From: Marc Sanfacon (sanm@copernic.com)
Date: Mon Oct 30 2000 - 08:31:45 EST
Hi Daniel,
I applied the patch this morning and using 'testHTML', I still have
the same problem. Here is the output:
SAX.setDocumentLocator()
SAX.startDocument()
SAX.startElement(html)
SAX.startElement(body)
SAX.ignorableWhitespace(
, 2)
SAX.startElement(b)
SAX.characters(bbbbbbbbbb, 10)
SAX.endElement(b)
SAX.ignorableWhitespace( , 1)
SAX.startElement(b)
SAX.characters(ccccccccccccccc, 15)
SAX.endElement(b)
SAX.ignorableWhitespace(
, 2)
SAX.endElement(body)
SAX.endElement(html)
SAX.ignorableWhitespace(
, 2)
SAX.endDocument()
I will try to pinpoint the problem today.
Thank you,
Marc.
-----Original Message-----
From: xml-request@rufus.w3.org [mailto:xml-request@rufus.w3.org]On
Behalf Of Daniel Veillard
Sent: October 27, 2000 18:49 PM
To: xml@rpmfind.net
Subject: Re: [xml] Bug in parser (HTML)
On Fri, Oct 27, 2000 at 03:18:16PM -0700, Wayne Davison wrote:
> I don't see how that follows. Any whitespace inside a paragraph-like
> container is significant,
That's not how it's done now :-)
> with the possible exception of leading and
> trailing whitespace (which occurs at paragraph boundaries). So,
> whitespace inside of <p>, <h1>, <td>, etc. is all significant, but
> whitespace directly inside something like <table> or <body> is not.

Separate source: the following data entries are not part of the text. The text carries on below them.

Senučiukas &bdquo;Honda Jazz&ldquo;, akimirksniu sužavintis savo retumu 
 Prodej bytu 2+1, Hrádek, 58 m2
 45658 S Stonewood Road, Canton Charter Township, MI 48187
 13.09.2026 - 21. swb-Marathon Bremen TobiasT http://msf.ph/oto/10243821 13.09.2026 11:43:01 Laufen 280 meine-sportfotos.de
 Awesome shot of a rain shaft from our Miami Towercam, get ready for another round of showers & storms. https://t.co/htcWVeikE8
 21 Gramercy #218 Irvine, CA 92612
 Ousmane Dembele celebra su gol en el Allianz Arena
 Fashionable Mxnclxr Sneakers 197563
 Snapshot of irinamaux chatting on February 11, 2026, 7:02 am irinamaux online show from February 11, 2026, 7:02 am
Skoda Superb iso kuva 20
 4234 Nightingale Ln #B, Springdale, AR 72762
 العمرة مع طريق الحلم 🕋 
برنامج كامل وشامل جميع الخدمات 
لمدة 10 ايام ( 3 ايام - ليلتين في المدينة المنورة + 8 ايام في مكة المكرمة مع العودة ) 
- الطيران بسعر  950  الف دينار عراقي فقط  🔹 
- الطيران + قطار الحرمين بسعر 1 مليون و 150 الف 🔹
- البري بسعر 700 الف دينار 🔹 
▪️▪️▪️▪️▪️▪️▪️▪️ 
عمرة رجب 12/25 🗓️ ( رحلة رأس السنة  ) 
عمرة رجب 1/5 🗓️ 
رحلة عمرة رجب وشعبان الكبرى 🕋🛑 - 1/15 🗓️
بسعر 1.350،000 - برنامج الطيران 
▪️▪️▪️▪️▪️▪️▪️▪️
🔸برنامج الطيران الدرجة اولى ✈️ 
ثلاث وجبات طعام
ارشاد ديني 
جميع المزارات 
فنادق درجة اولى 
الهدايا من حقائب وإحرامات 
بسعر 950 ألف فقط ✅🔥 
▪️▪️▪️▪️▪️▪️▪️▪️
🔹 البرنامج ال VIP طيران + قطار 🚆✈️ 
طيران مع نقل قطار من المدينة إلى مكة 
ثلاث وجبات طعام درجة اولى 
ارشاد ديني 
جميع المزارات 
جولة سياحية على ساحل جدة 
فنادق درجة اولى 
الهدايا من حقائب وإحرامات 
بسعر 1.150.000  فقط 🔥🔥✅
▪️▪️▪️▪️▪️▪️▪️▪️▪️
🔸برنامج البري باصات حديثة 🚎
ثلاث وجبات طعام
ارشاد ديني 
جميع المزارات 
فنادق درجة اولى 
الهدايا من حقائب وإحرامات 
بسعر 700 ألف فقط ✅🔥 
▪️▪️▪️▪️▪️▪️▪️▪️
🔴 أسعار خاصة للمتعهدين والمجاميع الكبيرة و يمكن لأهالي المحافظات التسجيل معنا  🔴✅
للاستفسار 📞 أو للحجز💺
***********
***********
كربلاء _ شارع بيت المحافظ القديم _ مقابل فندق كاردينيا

Hum, currently there wasn't a distinction made between
+ mixed content
+ element child only
in the HTML parser. This could be added
> So, your "that ain't true for <b>" example confused me (but maybe I'm
> missing something). Are you saying that these are somehow different?
>
> <html><body><p>
> <b>bbbbbbbbbbbb</b>
> <b>cccccccccccc</b>
> </p></body></html>
>
> and
>
> <html><body><p>
> <b>bbbbbbbbbbbb</b> <b>cccccccccccc</b>
> </p></body></html>
I think they are different. At a rendering level b is a text node
which just happen to possibly be rendered with a different font. That's
why I suggest handling spaces encountered after it as being significant.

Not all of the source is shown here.